Si la proposition, énoncée déjà en 1808 par lord Liverpool et depuis près de deux siècles par William Petty, Locke et Harris avait la certitude que, forcé par la démonstration, on ne peut refuser aux vérités géométriques, on serait aujourd’hui d’accord ; car, si c’est une entreprise difficile d’amener les autres à nos sentimens et à nos goûts, c’en est une très aisée, en restant dans le cercle étroit d’une question nettement posée, de mettre les preuves dans leur jour pour en dégager l’évidence.

L’usage simultané des deux métaux, l’or et l’argent, comme monnaie légale et libératoire, présente des inconvéniens et des dangers attestés par la dédaigneuse assurance de ses savans adversaires.
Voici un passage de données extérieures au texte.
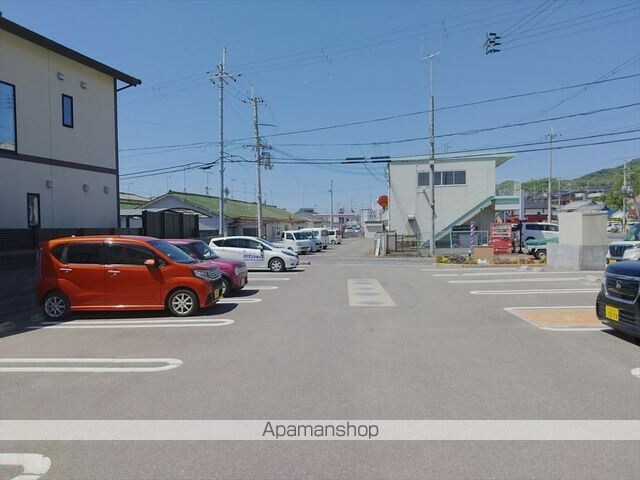 カテュルスフェリスⅢ[1LDK/45.89m2]の駐車場1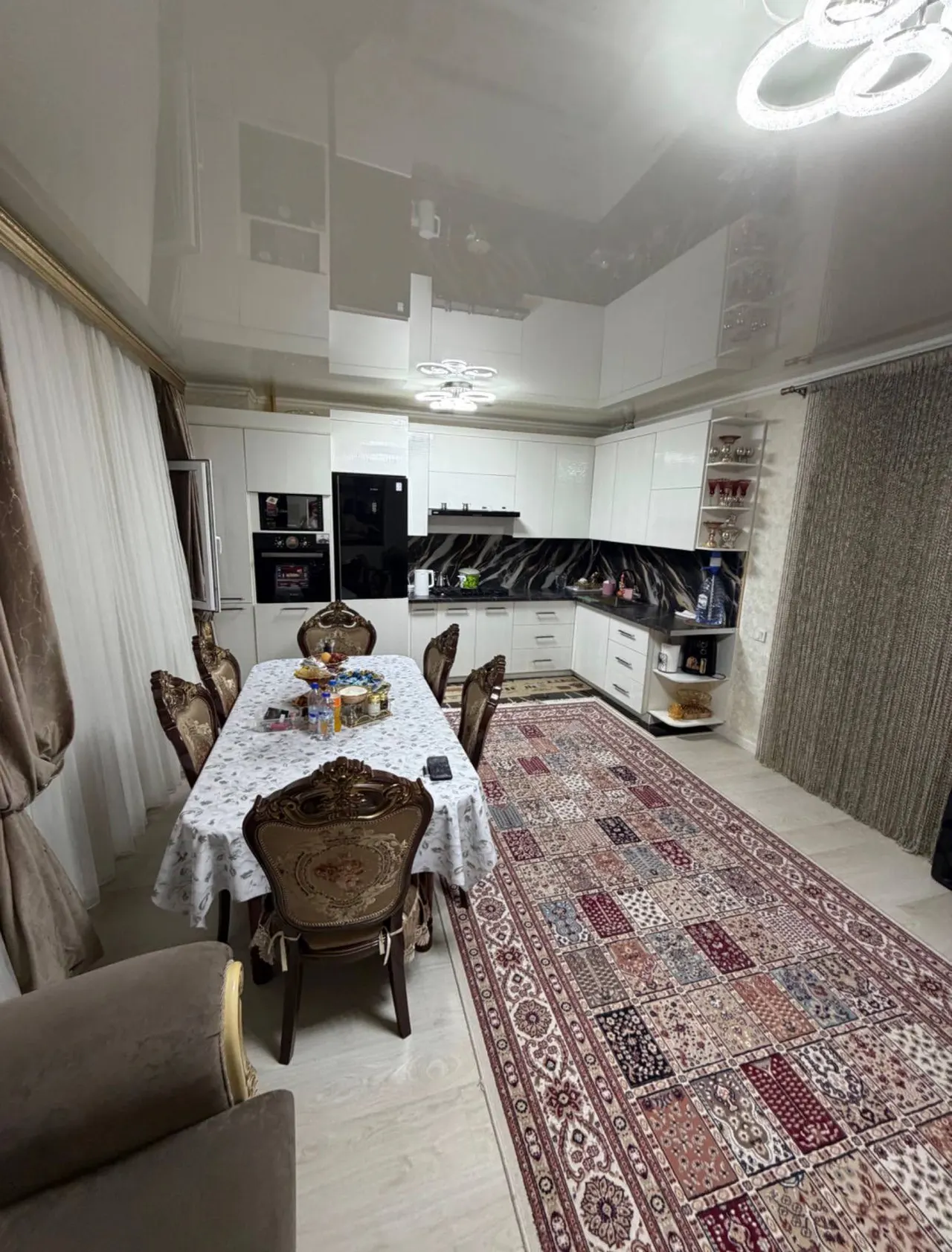 Продаётся 3-комнатная квартира, 74 м², 1/9 этаж — Яшнабадский район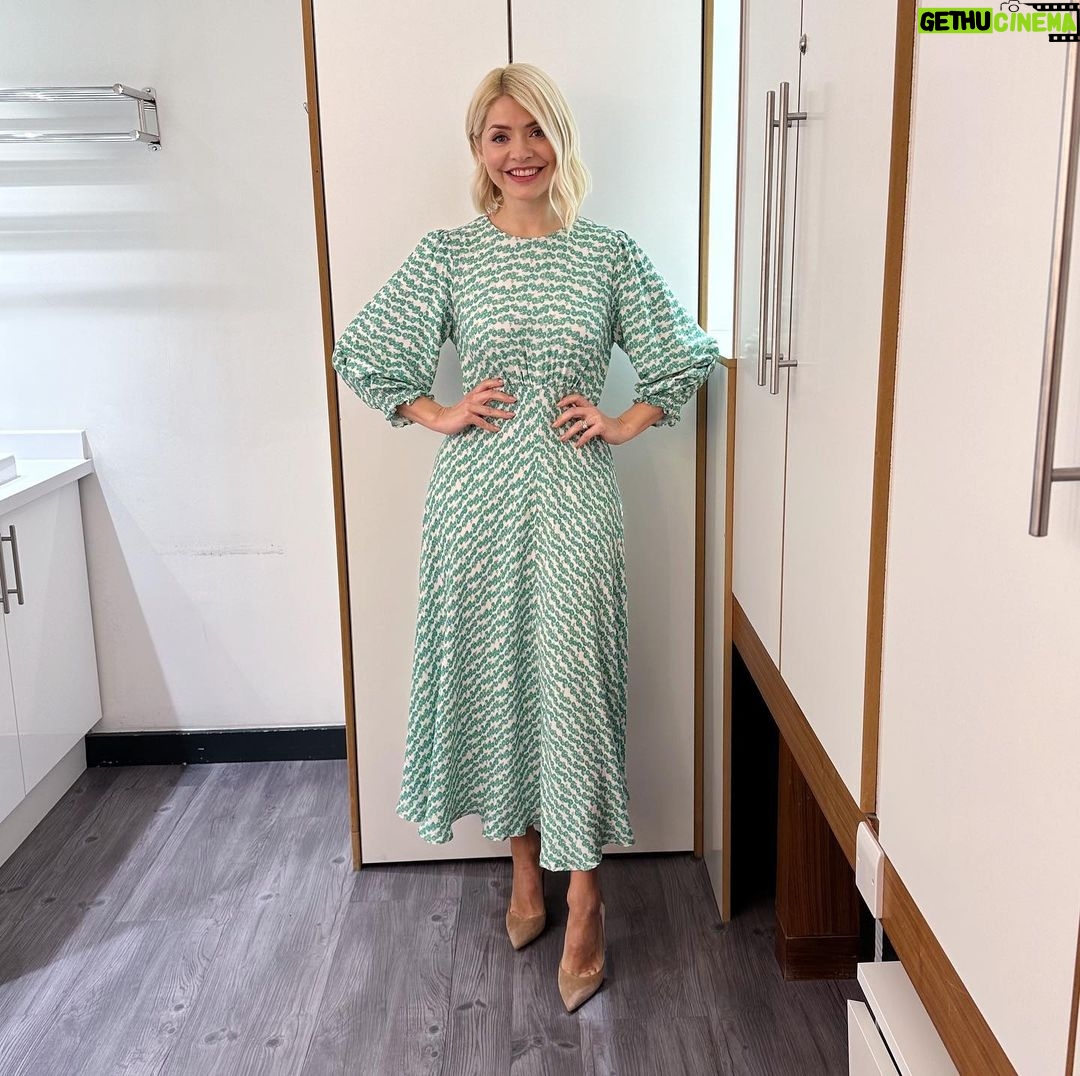 Holly Willoughby Instagram - Morning Monday… see you on the sofa at 10am @thismorning … #hwstyle💁🏼♀️✨ dress by @ghostfashion 🧚🏻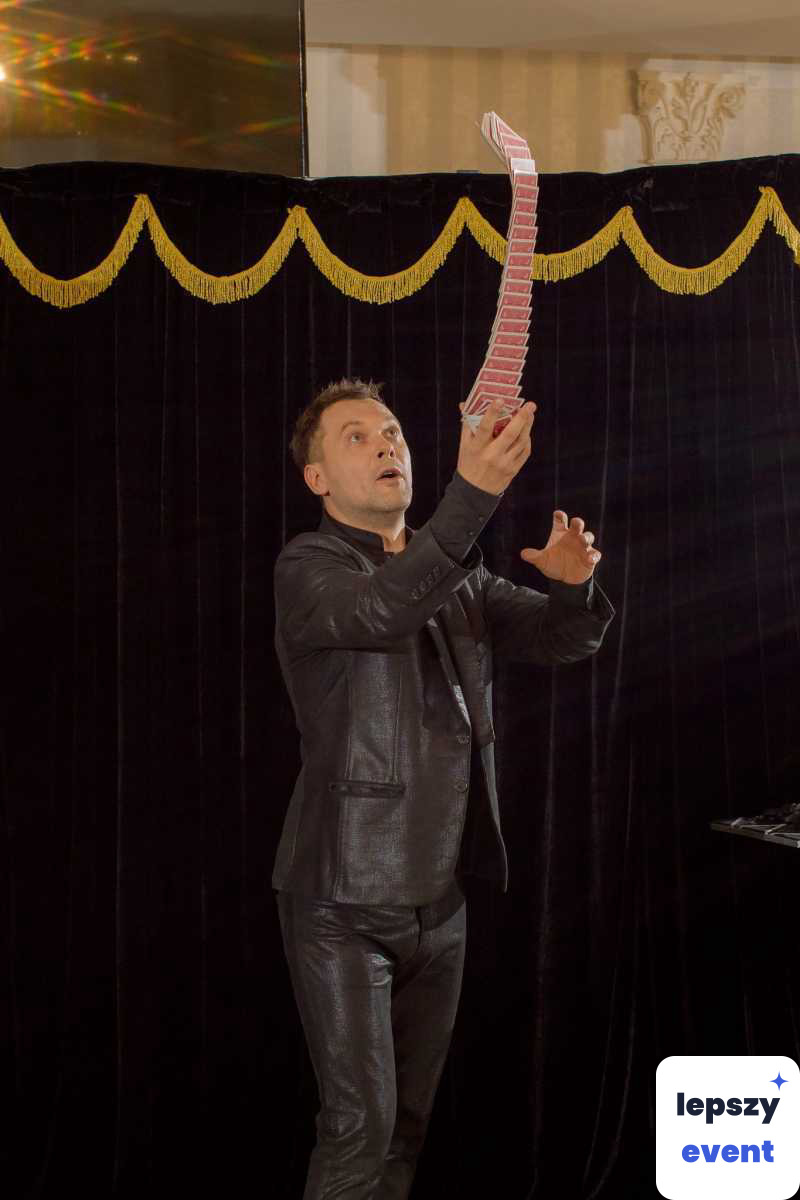 Pokaz iluzji i magia na event | Szymon Maciak - iluzjonista — zdjęcie 6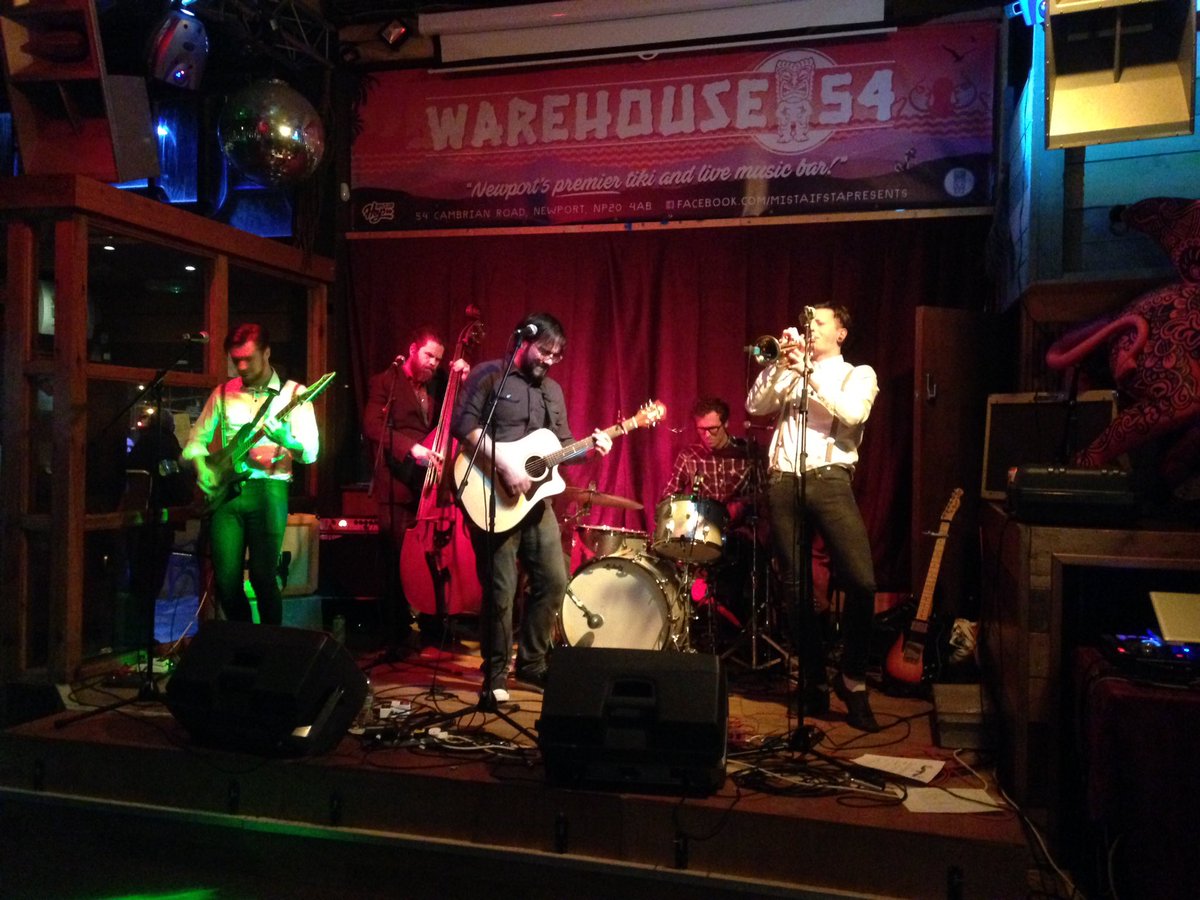 WHNewport's tweet photo. Red Crow are Live on our stage now!! You don't want to miss this #FridayFeeling https://t.co/yIB9E5Grue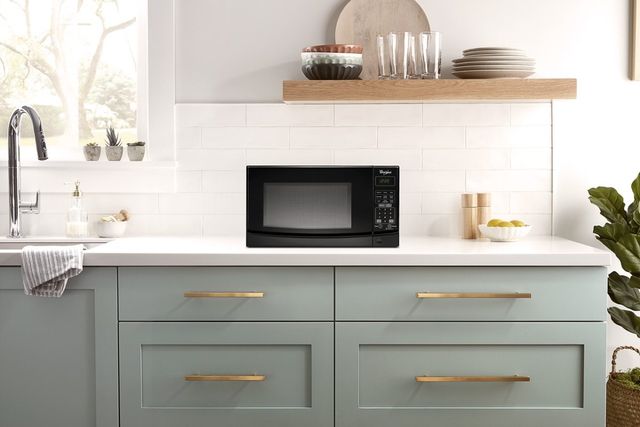Whirlpool® 0.7 Cu. Ft. Black Countertop Microwave-3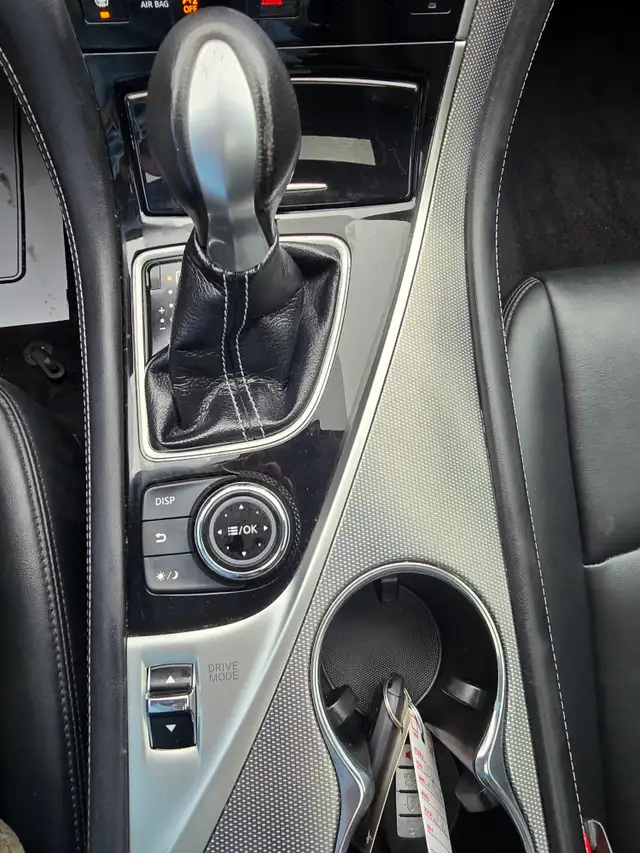 2016 Infiniti Q50 - Photo 17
Il a aussi ses avantages; la conviction persistante et la verve de ses défenseurs permet difficilement de le nier. Le plus grand de tous frappe les yeux : les deux métaux acceptés pour monnaie dans le monde entier étaient hier encore chez de grandes nations sur un pied de complète égalité. La France, depuis trois quarts de siècle, s’en servait sans dommage et sans gêne, et tout changement brusque est un mal.

Ces inconvéniens et ces avantages, énumérés avec complaisance, défendus avec chaleur, exagérés avec passion, dans toutes les langues, ne sont pas de nature homogène : comment les comparer avec précision ? Est-il sage de racheter par des difficultés immédiates et de ruineuses dépenses des dangers incertains entrevus dans l’avenir? Vaut-il mieux, si le maintien des prix est impossible, se résigner au renchérissement des denrées dont tant de gens souffrent et se plaignent, ou procurer avec une baisse générale l’appauvrissement de tous les producteurs?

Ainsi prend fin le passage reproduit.